I decided to weigh the wooden ‘feather’. Remarkably, it weighs 21 grams – the precise figure
claimed by the eccentric turn-of-the-century Massachusetts physican Duncan MacDougall to be the mass of a human soul. MacDougall’s experiments (which involved weighing dying patients before and after death) were bizarre and unscientific, but the notion of 21 grams as “the weight of the soul” has persisted as a trope in popular culture, most recently in the 2003 film called simply “21 Grams”. Remember, to pass the Weighing, the soul must weigh exactly the same as the feather. So make what you will of the fact that this driftwood totem weighs 21 grams.

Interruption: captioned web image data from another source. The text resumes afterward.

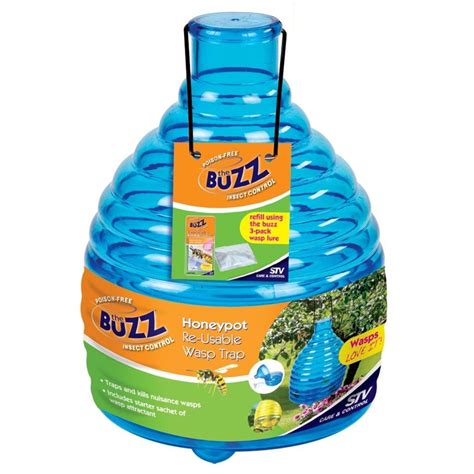 The Buzz Honeypot Wasp Trap With Bait Bunnings Warehouse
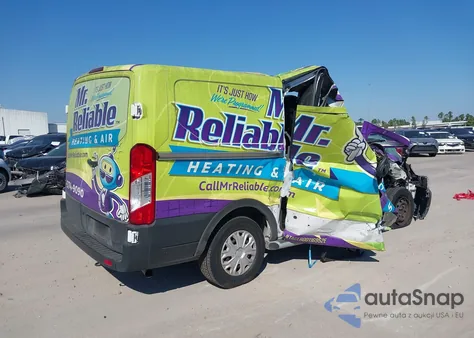 2021 Ford Transit-250 z USA, uszkodzony, nr VIN 1FTBR1Y85MKA92277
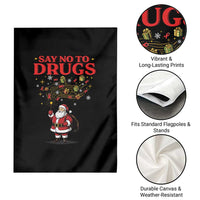 Santa Christmas Garden Flag AIDS Awwanrness Red Ribbon HIV Support - Wonder Print Shop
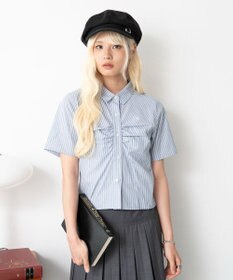 WEGO コンパクトギャザーシャツ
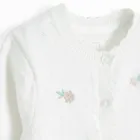 Cool Club, Pulover pentru fete, cu nasturi, ecru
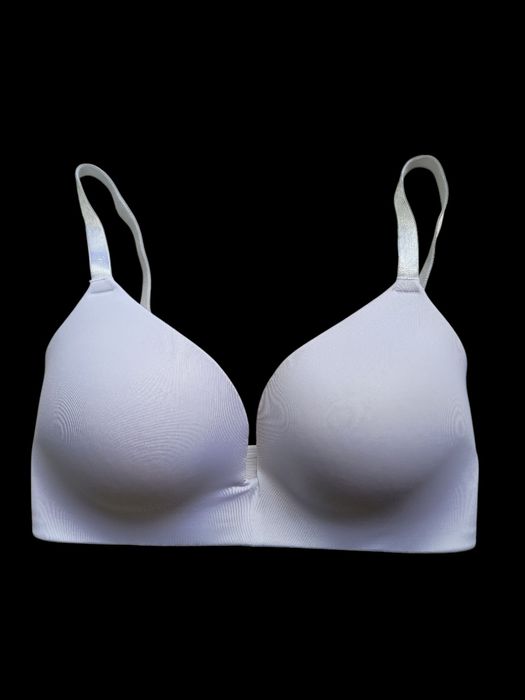 Biały gładki stanik biustonosz 70DD 32DD F&F bielizna damska
Bez fiszb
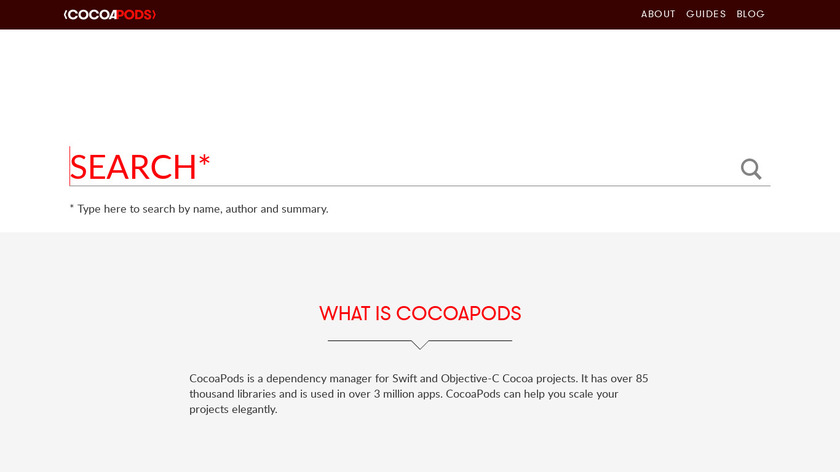 CocoaPods Landing Page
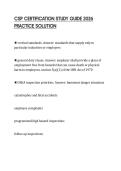 CSP CERTIFICATION STUDY GUIDE 2026 PRACTICE SOLUTION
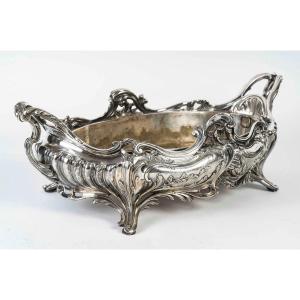 Important Louis XV Style Silver-plated Bronze Jardiniere 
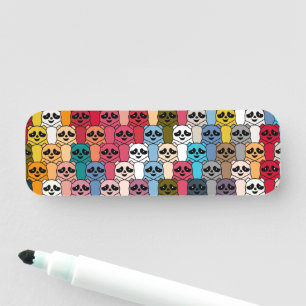 Monster Panda Namensschild
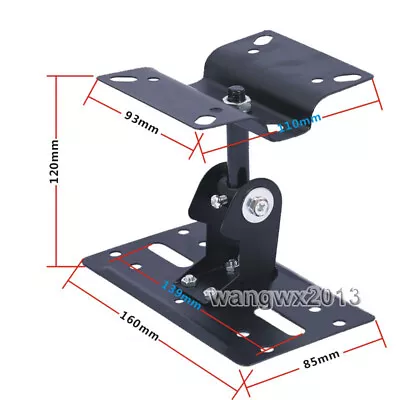 1pcs Wall Ceiling Speaker Wall Mount Bracket Tilt Side Clamping Hanger Support • $14.80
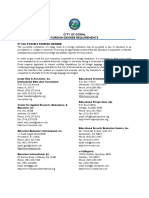 City of Doral Foreign Degree Requirements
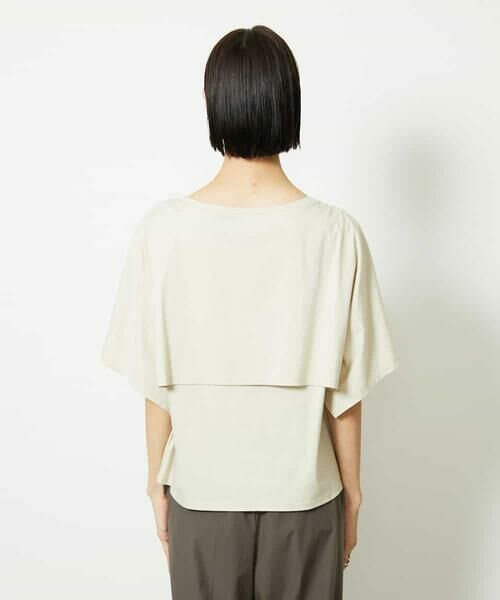 MICHEL KLEIN / ミッシェルクラン カットソー | ケープスリーブカットソー | 詳細28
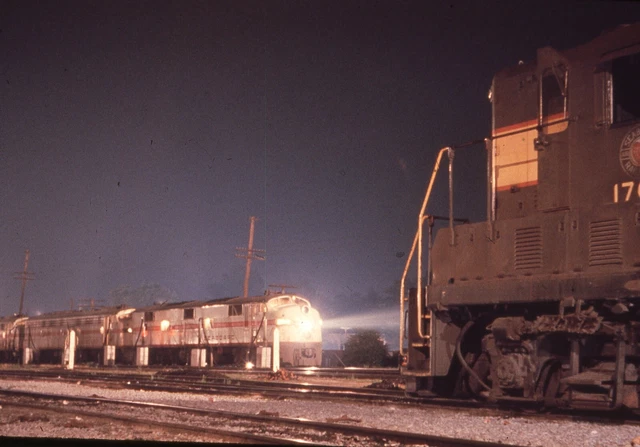 Duplicate  Train Slide Seaboard E-7 #3019  06/1962  Raleigh N Carolina
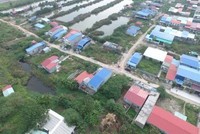 Khu đất 9,2 ha sau khi cưỡng chế phá dỡ công trình trái phép sẽ được triển khai làm khu tái định cư phục vụ các dự án.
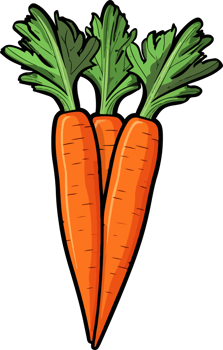 AI generated Carrot clipart design illustration png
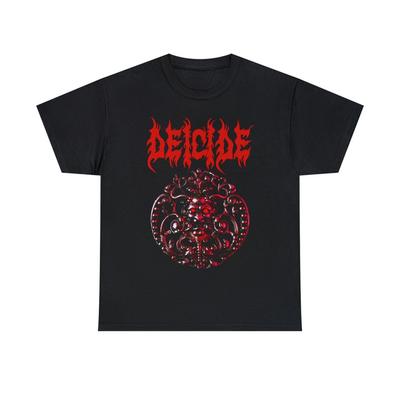 230 Gsm 100% Cotton Deicide T Shirt Death Metal Morbid Angel Obituary Suffocation Six Feet Under Immolation Possessed Unisex Heavy Cotton T Shirt
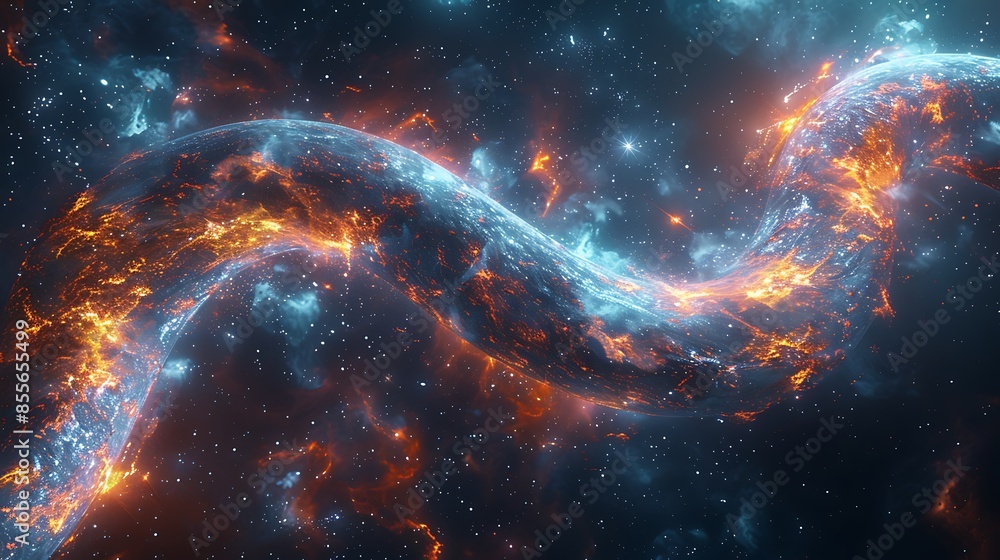 Infinity symbols looping over a cosmic starfield, suggesting endless space. The symbols glow with ethereal light, intertwining seamlessly against a backdrop of distant stars and galaxies Infinity symbols looping over a cosmic starfield, suggesting endless space. The symbols glow with ethereal light, intertwining seamlessly against a backdrop of distant stars and galaxies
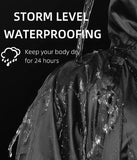 Wholesale Custom Long Hooded Raincoat Safety Waterproof Security Rain Jacket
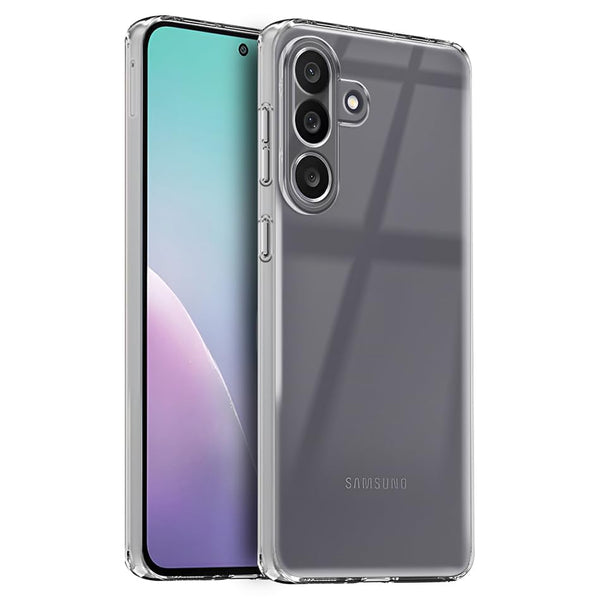 MOBILOVE Back Cover Case for Samsung Galaxy M56 5G | Galaxy F56 5G | Ultra Hybrid Slim Shockproof Crystal Clear Transparent Case (TPU, Clear)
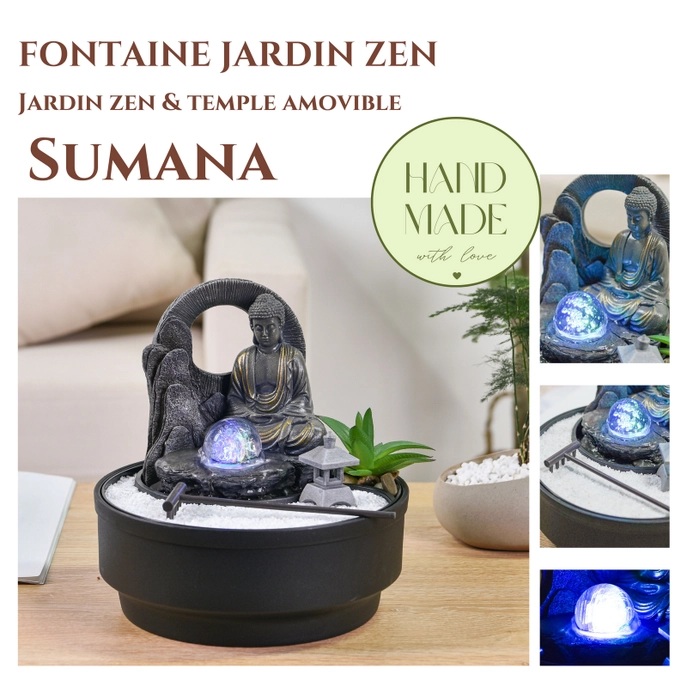 Fontaine jardin zen Sumana 2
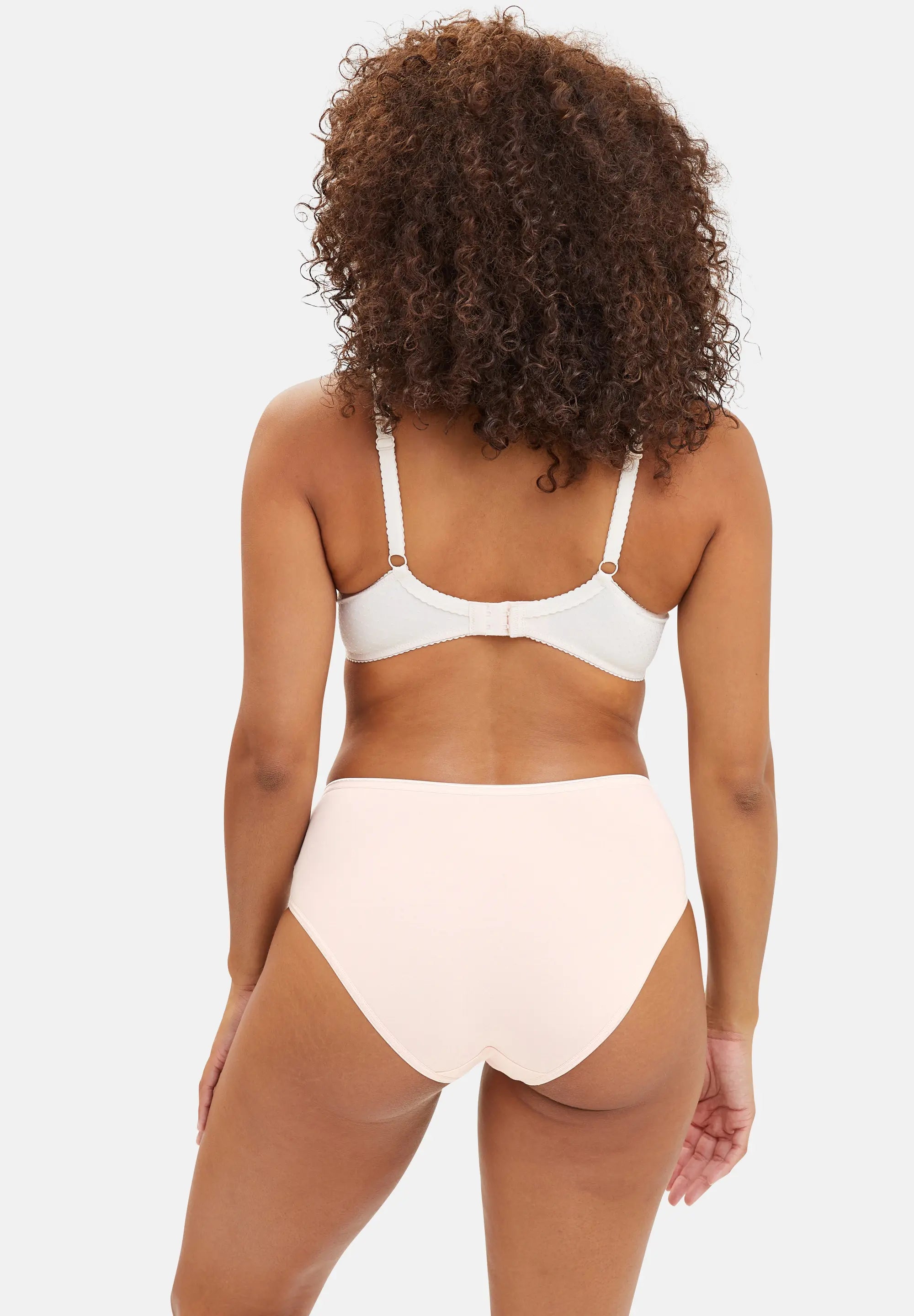 Slip - Set van 3 Simplement Coton Roze Zilveren Pioenroos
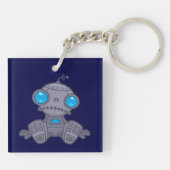 Sad Robot Schlüsselanhänger (Rückseite)
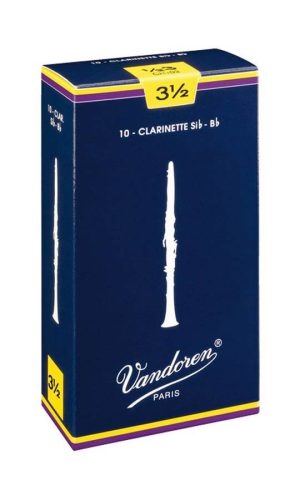 VDC-35 Vandoren Traditional Bb clarinet reeds, 10-pack, 3.5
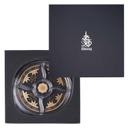 DIMLAJ SUROOR GLASS NUT PLATE GOLD - 47004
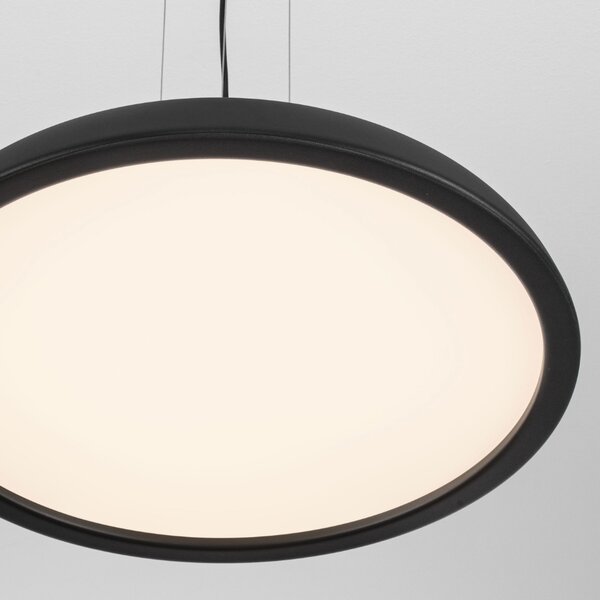 Nova Luce Černé kovové závěsné LED světlo Felicia 60 cm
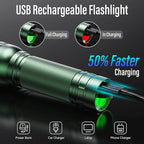 Rechargeable Flashlights High Lumens, G1000 Super Bright Flash Light, Small - Image 2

That aside, the Weighing of the Heart is an apposite image for this particular time – because, as I type, we are, here in the UK at least, in the first minutes of 2014, standing uncertainly at the threshold of past and future. Around the world, in private or public, people are hoping for better, replenishing their optimism, wishing each other well, and swearing oaths and promises, resolutions for the perilous journey ahead. Will we make it to Aaru, or find ourselves lost in Duat (again)?

Good luck, as you face your own personal reckoning at the turning of the year. You may need it.

21g

10 responses to “The Feather Of Maat

  1. That is such a good post. I did several Feather of Maat paintings back in 1999 pretty much as a reaction to a residency I had at a US university, the weighing of the soul seemed the perfect analogy when faced with rampant US consumerism and wilful ignorance. It still strikes me as the image for our times as you say.

  2. Thanks Ian. Would be very interested to see those images, if that’s possible. It struck me as appropriate for New Year partly because of the obvious threshold/transition symbolism – but also because it is a symbol of taking stock, honest reflection and self-scrutiny, stripped of the blandishments of self-congratulatory, ego-massaging, cod-psychology…. so, yes, deeply unfashionable. Having said which – all the best for 2014.

    • Happy new year to you too. Yes every sort of “religious” symbolism implies a different world view and the weighing of the soul that must be lighter than a feather is a particularly potent image, even for an atheist like me. I can’t say I’d pass that test, I doubt many would. Definitely an image for new year self reflection. I’ve sent images as FB message attachment.

    • Thanks fifepsy… I am curious to see if the Shoreline’s style of communication will change, cf previous posts about Pan and Sobek, and the apparent switch in the animating mythic current (which is making me a little apprehensive).

  3. The Weighing Of The Heart: most suitable! Surely the ocean placed this mythic object at your feet so that you can continue your journey and bring us more magic from your distant shoreline.

  4. Wow! A shard from the Phantom on the Threshold. Me thinks the Babe in the Abyss is calling out to you in the tones and dirges of the Nameless Ones. Turn Back! Turn Back! Lest you bury your heart in the skin of the Flagellant. Great Post.

  5. Fascinating ideas and discussion about this totem feather of Maat. With the heart of the deceased being weighed to balance with the feather. Synchrony again brings me information referenced to me, by my son, Connor MacDougall Lyons on the experiments of weighing the newly deceased to determine the weight(mass) lost indicating the mass of the departed soul. Also, synchrony that this quote from description above “Remarkably, it weighs 21 grams – the precise figure
    claimed by the eccentric turn-of-the-century Massachusetts physican Duncan MacDougall to be the mass of a human soul. MacDougall’s experiments (which involved weighing dying patients before and after death) were bizarre and unscientific, but the notion of 21 grams as “the weight of the soul” has persisted as a trope in popular culture, most recently in the 2003 film called simply “21 Grams”. Remember, to pass the Weighing, the soul must weigh exactly the same as the feather. So make what you will of the fact that this driftwood totem weighs 21 grams.”, indicated the very person to who my son had referenced. I was reading a Dark Star astrological forecast on the upcoming full moon lunar eclipse on March 23, 2016. MacDougall being my maiden name was given to Connor as his middle name at birth, wanting to pass on the matriarchal ancestral name.